Exercise material:

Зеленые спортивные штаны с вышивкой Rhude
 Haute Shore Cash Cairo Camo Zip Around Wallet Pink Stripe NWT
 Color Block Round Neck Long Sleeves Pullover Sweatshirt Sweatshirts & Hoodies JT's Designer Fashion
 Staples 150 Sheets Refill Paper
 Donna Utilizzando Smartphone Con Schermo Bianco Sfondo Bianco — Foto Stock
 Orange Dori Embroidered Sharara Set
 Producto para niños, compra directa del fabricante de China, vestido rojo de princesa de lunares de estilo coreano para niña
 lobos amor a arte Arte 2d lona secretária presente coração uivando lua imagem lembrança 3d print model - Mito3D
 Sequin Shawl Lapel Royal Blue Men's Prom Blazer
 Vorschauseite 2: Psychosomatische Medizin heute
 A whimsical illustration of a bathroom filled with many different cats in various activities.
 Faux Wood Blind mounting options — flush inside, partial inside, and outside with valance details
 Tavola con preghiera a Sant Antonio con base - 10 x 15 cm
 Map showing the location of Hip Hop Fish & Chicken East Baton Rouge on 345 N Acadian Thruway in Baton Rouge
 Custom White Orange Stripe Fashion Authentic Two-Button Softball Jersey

Work request:
Give back every line from the beginning of the records through the line holding "Orange Dori Embroidered Sharara Set", exactly as it reads, and leave out the rest.

Solution to the problem:
Зеленые спортивные штаны с вышивкой Rhude
 Haute Shore Cash Cairo Camo Zip Around Wallet Pink Stripe NWT
 Color Block Round Neck Long Sleeves Pullover Sweatshirt Sweatshirts & Hoodies JT's Designer Fashion
 Staples 150 Sheets Refill Paper
 Donna Utilizzando Smartphone Con Schermo Bianco Sfondo Bianco — Foto Stock
 Orange Dori Embroidered Sharara Set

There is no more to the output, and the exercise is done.